Writers please note that ALL submissions are subject to editorial review for compliance with these guidelines and those below.
Always Seek to Answer These Questions in Articles:
- What happened?
- Who was involved?
- When did it take place?
- Where did it take place?
- Why did that happen?
- How did it happen? (in what way? & by what means?)
- Who benefits?
- Who is harmed?
Follow These Core Principles:
(Adapted from The Ethical Journalism Network)
Truth and accuracy: journalists cannot always guarantee ‘truth’ but getting the facts right is the cardinal principle of journalism. We should always strive for accuracy, give all the relevant facts we have and ensure they have been checked. When we cannot corroborate information, we should say so.
Independence: journalists must be independent voices; we should not act, formally or informally, on behalf of special interests whether political, corporate or cultural. We should declare to our editors – or the audience – any of our political affiliations, financial arrangements or other personal information that might constitute a conflict of interest.
Fairness and impartiality: most stories have at least two sides. While there is no obligation to present every side in every piece, stories should be balanced and add context. Objectivity is not always possible and may not always be desirable (in the face for example of brutality or inhumanity), but impartial reporting builds trust and confidence.
Humanity: journalists should do no harm. What we publish or broadcast may be hurtful, but we should be aware of the impact of our words and images on the lives of others.
Accountability: a sure sign of professionalism and responsible journalism is the ability to hold ourselves accountable.
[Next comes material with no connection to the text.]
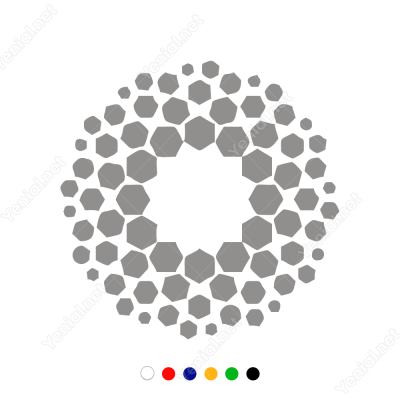 Geometrik Altıgen Spiral Sticker Yapıştırma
When we commit errors, we must correct them and our expressions of regret must be sincere not cynical. We listen to the concerns of our audience. We may not change what readers write or say but we will always provide remedies when we are unfair.
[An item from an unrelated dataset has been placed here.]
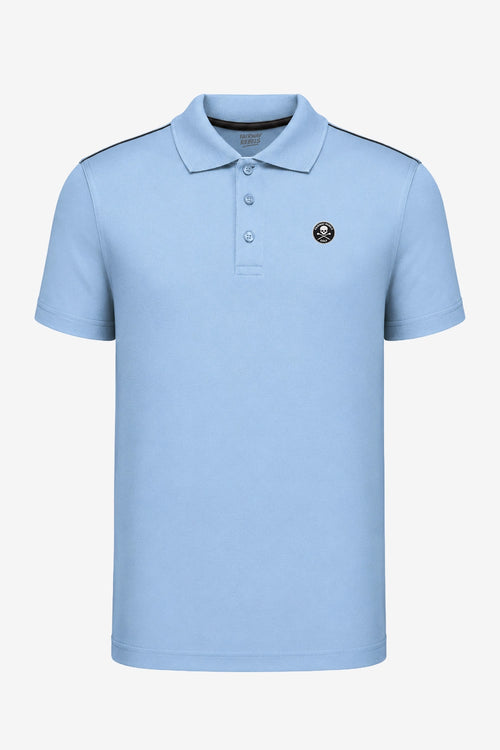 Polo homme stretch Cool Plus® bleu clair, col polo, patte boutonnée et écusson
Clearly label opinion as such
Because we report on community/political events, we also should keep in mind the principle of “limitation of harm”. (Withholding certain details from reports, e.g., information not materially related to particular news reports release of which might, for example, harm someone’s reputation. We will also eschew discriminatory references in news based on race, religion, sexual orientation, and physical or mental disabilities.
Articles, Pitches, & Unsolicited pieces should all be submitted to [email protected]
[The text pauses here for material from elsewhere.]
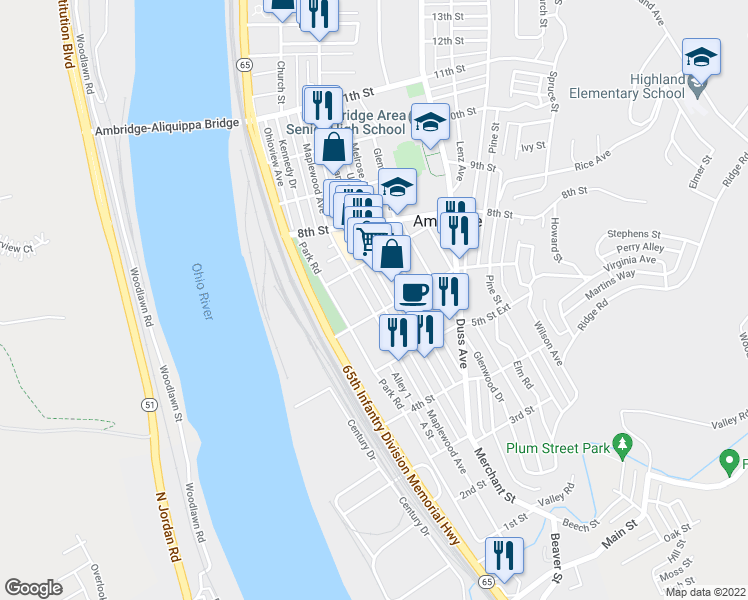 map of restaurants, bars, coffee shops, grocery stores, and more near 618 Maplewood Avenue in Ambridge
Before submitting any unsolicited material, please review our site and understand our goals. Priority consideration will always be given to assigned stories. Keep in mind that we are a volunteer organization, and unsolicited material will be responded to as quickly as possible. By submitting articles, photos, and other materials you assume responsibility for any claims of plagiarism or copyright violation. This webpage is useful in checking for originality.
The AP Stylebook will address & guide most of our editing decisions.
According to the AP, the following books should be consulted whenever you have a word usage or grammar question:
- Associated Press Stylebook (http://www.ap.org/, http://apstylebook.com/)
- Webster’s New World College Dictionary
- The Word, by Rene Cappon
- The Chicago Manual of Style
- The Elements of Style, by Strunk and White
The list appears in order of preference. Consult the most recent AP guidelines before proceeding to other references. The other texts might not agree with the AP or each other, which is why the order of preference matters.